GOAL OF THE EXERCISE:
When you reach the line that contains "行動不便長者拄拐杖緩步移動后天宮，滿是怨氣。民眾提供", begin copying exactly and continue through the last line below. Do not copy pictures.

*** Opening INPUT DATA ***

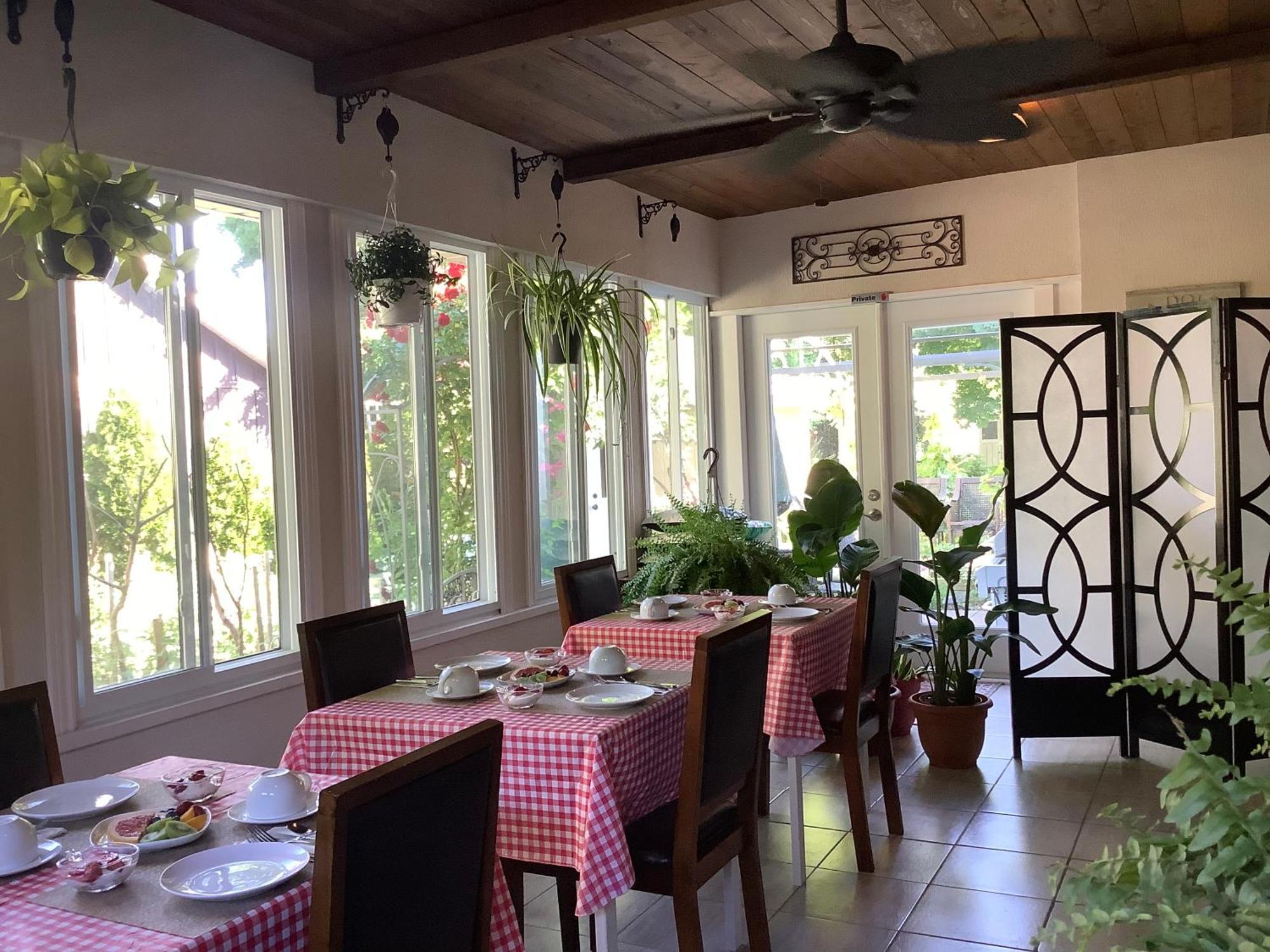 Bed and Breakfast Via Veneto - Old Town Niagara-on-the-Lake Exterior foto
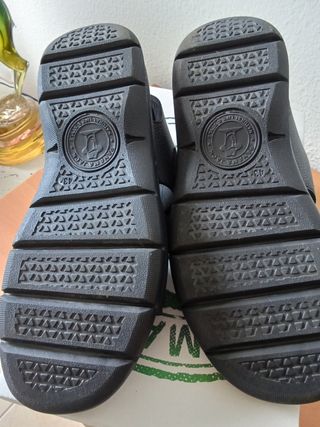 Sandalias Panama Jack Piel 43
Modelo Russell C1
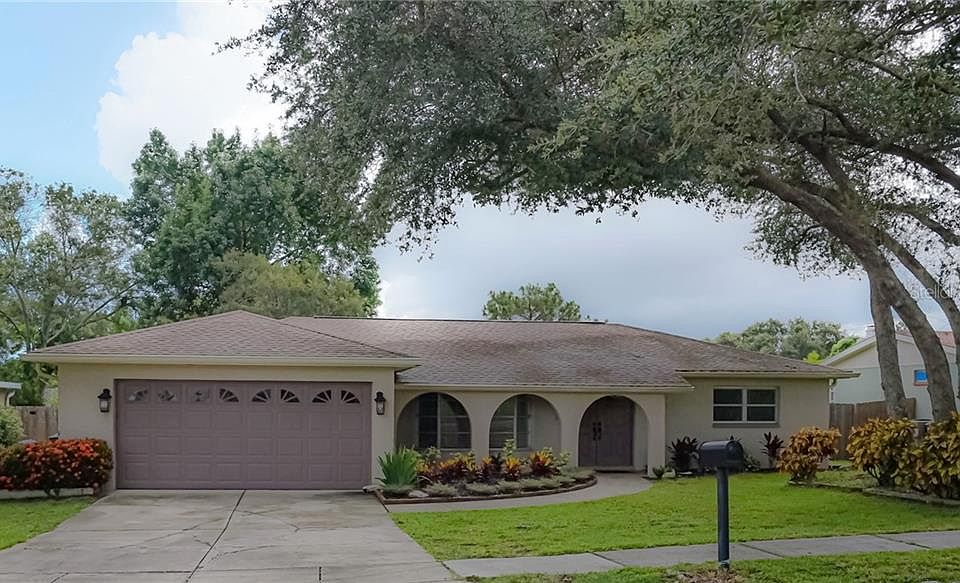 1st image of 137 Harbor Woods Cir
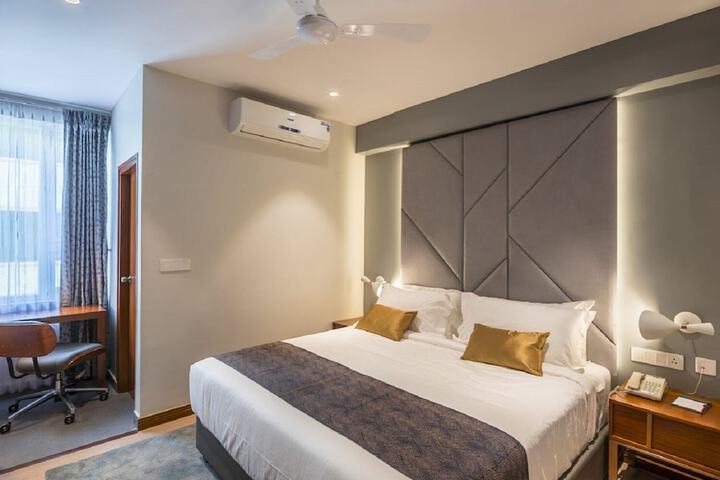Room 7 of 23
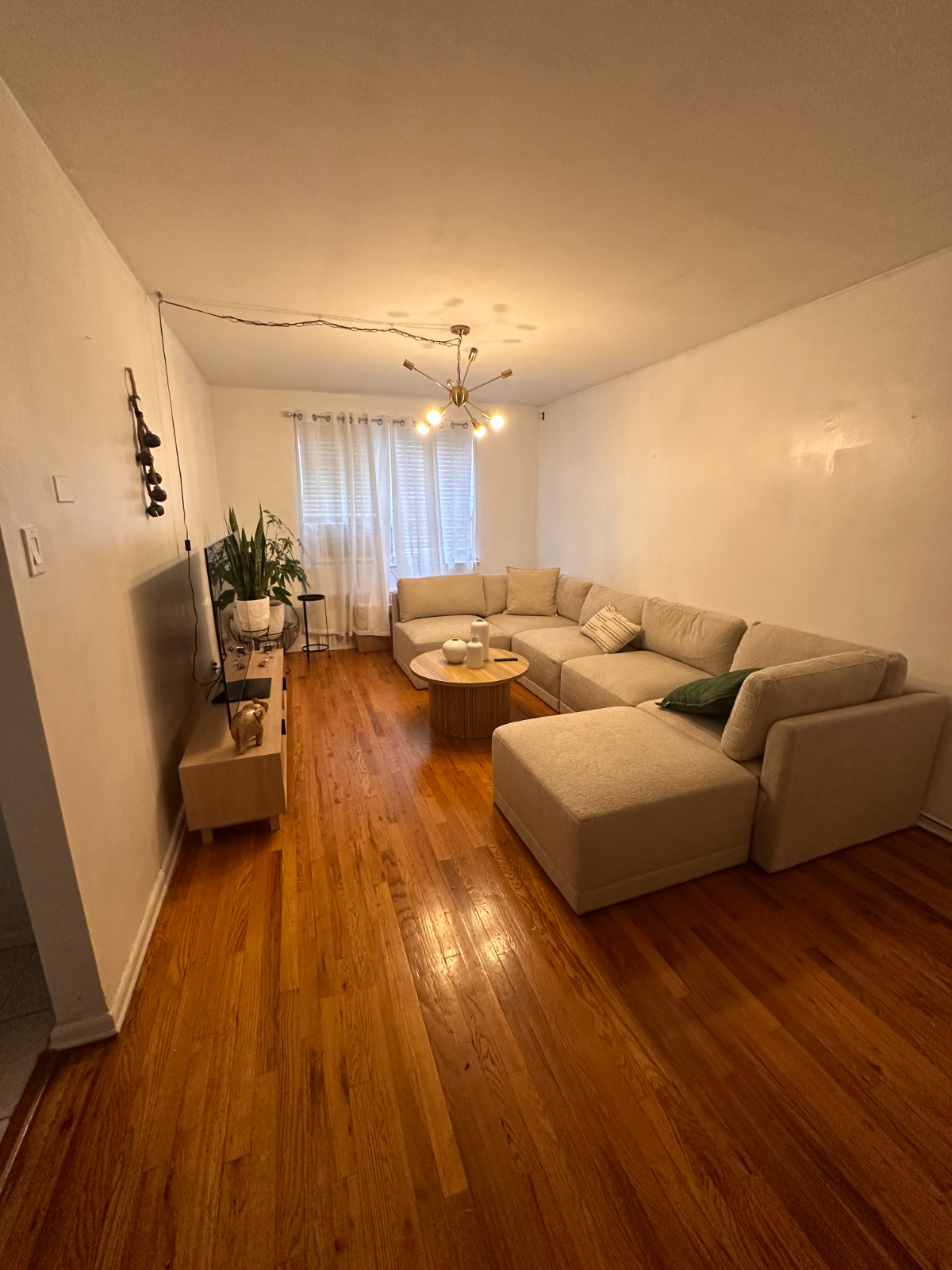 Cozy Furnished Room Near Public Transportation And Local Hospitals In Brooklyn - Photo 11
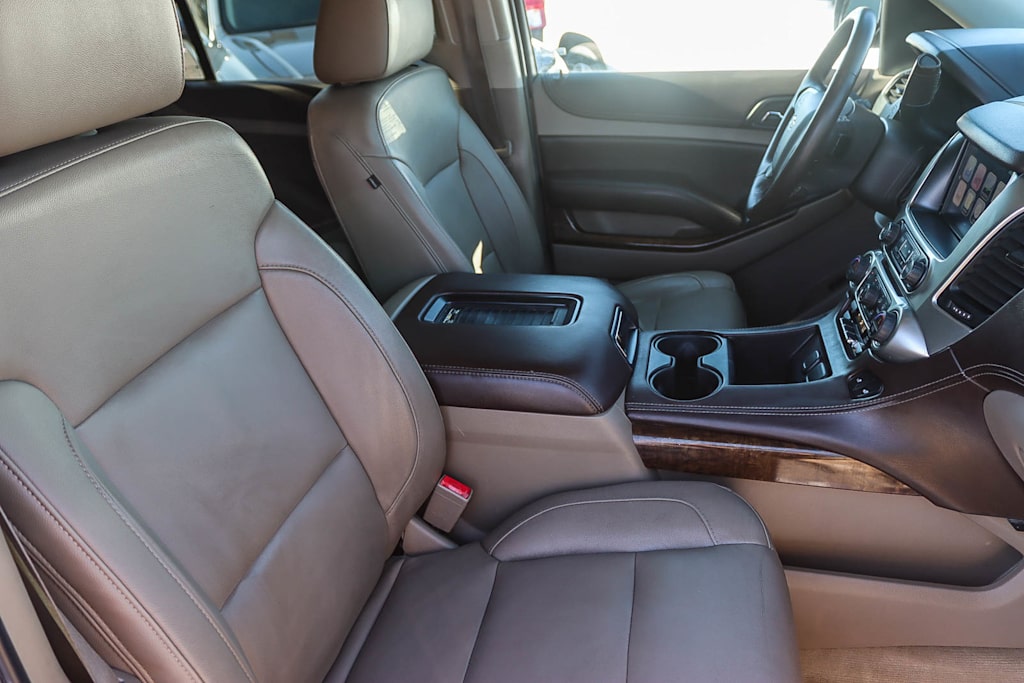 Thumbnail: 2015 Chevrolet Suburban - 8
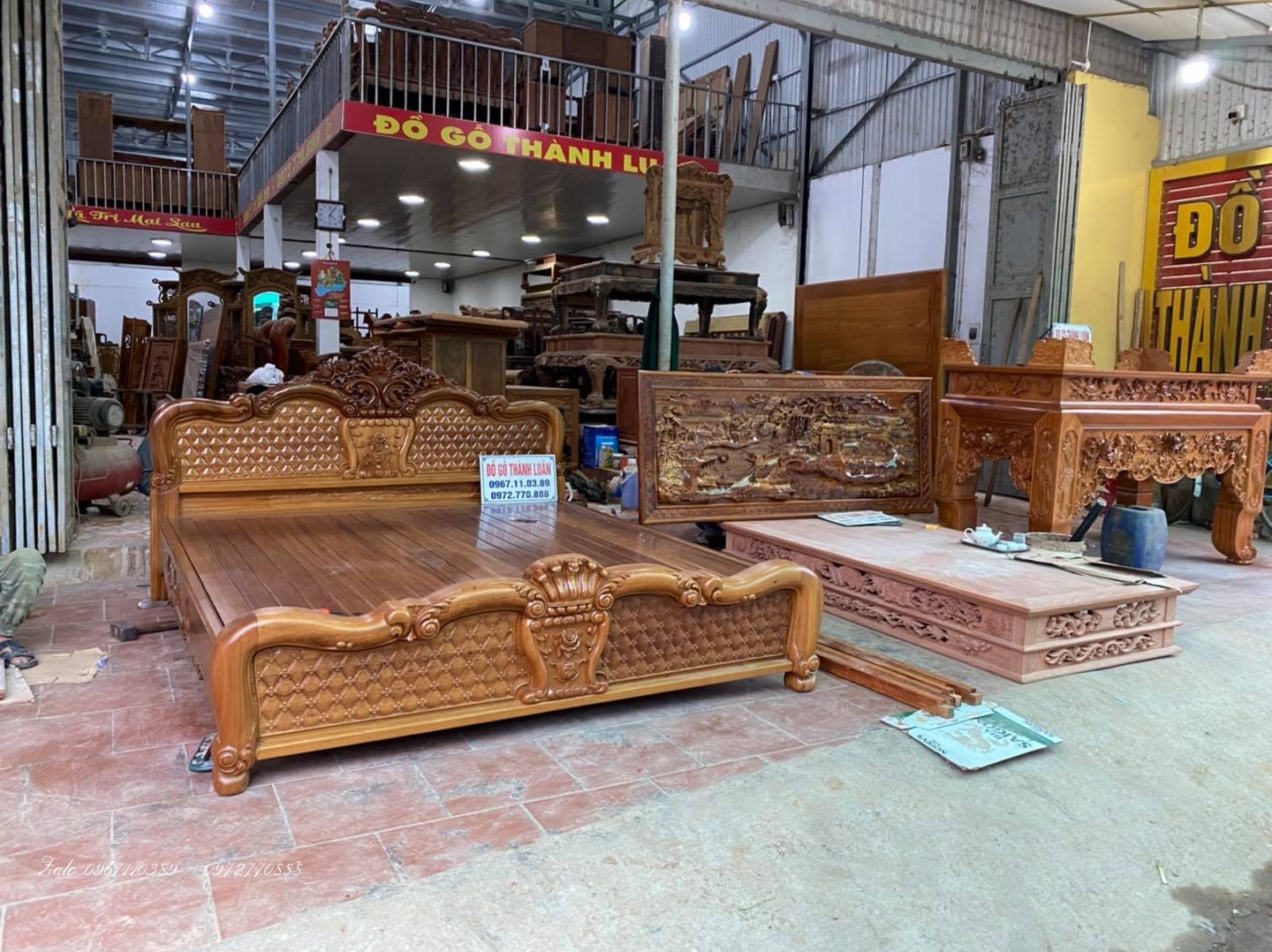 bàn thờ án Giang chân Hạc đục hoa sen 1m97-97-1m27 chân 20 .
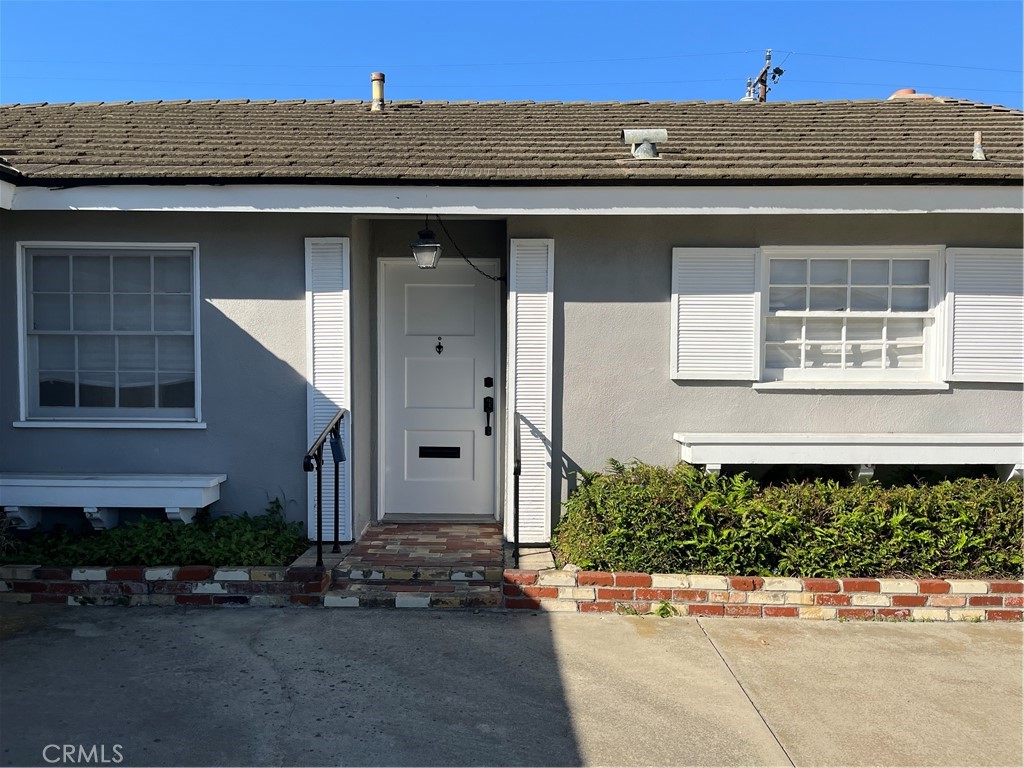 Huntington Beach, California, 92649, United States, 4 Bedrooms Bedrooms, ,2 BathroomsBathrooms,Residential,For Sale,1989631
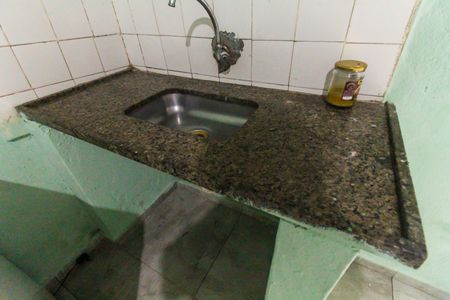 Cozinha de casa para alugar com 1 quarto, 24m² em Jardim Maia, São Paulo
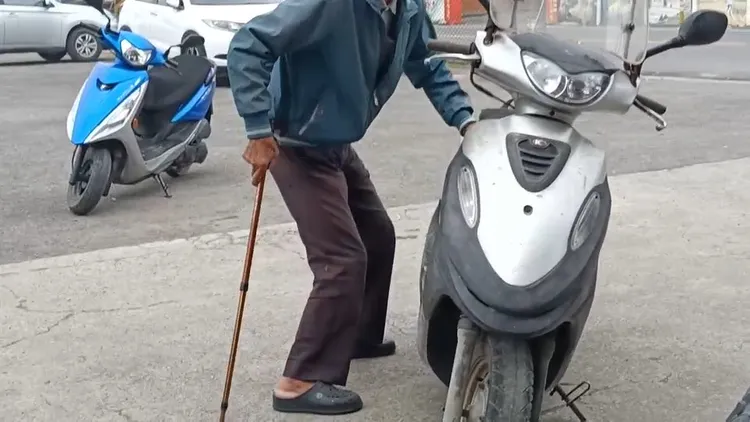 行動不便長者拄拐杖緩步移動后天宮，滿是怨氣。民眾提供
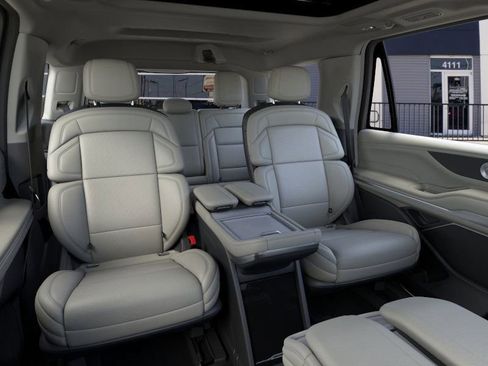 New 2026 Lincoln Navigator Reserve w/ Jet Appearance Package AWD/4WD image 11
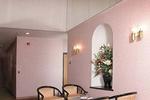 Grant Plaza Hotel - Image 8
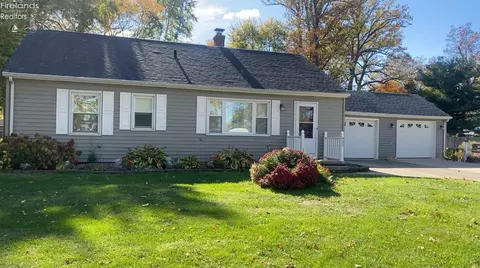 925 Woodland Blvd, Fremont, OH 43420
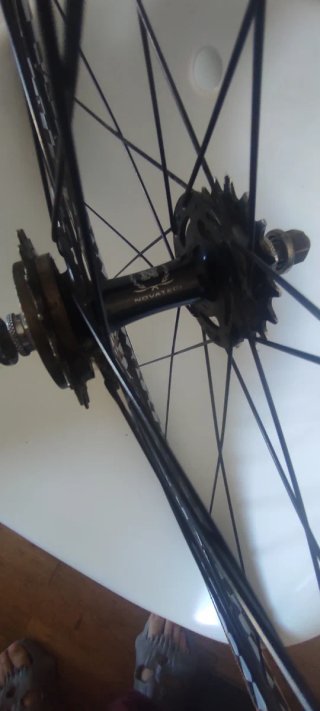 Rueda 700 Flip Flop Piñón 18 buje Novatec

*** Closing INPUT DATA ***

RESULT:
 行動不便長者拄拐杖緩步移動后天宮，滿是怨氣。民眾提供
 New 2026 Lincoln Navigator Reserve w/ Jet Appearance Package AWD/4WD image 11
 Grant Plaza Hotel - Image 8
 925 Woodland Blvd, Fremont, OH 43420
 Rueda 700 Flip Flop Piñón 18 buje Novatec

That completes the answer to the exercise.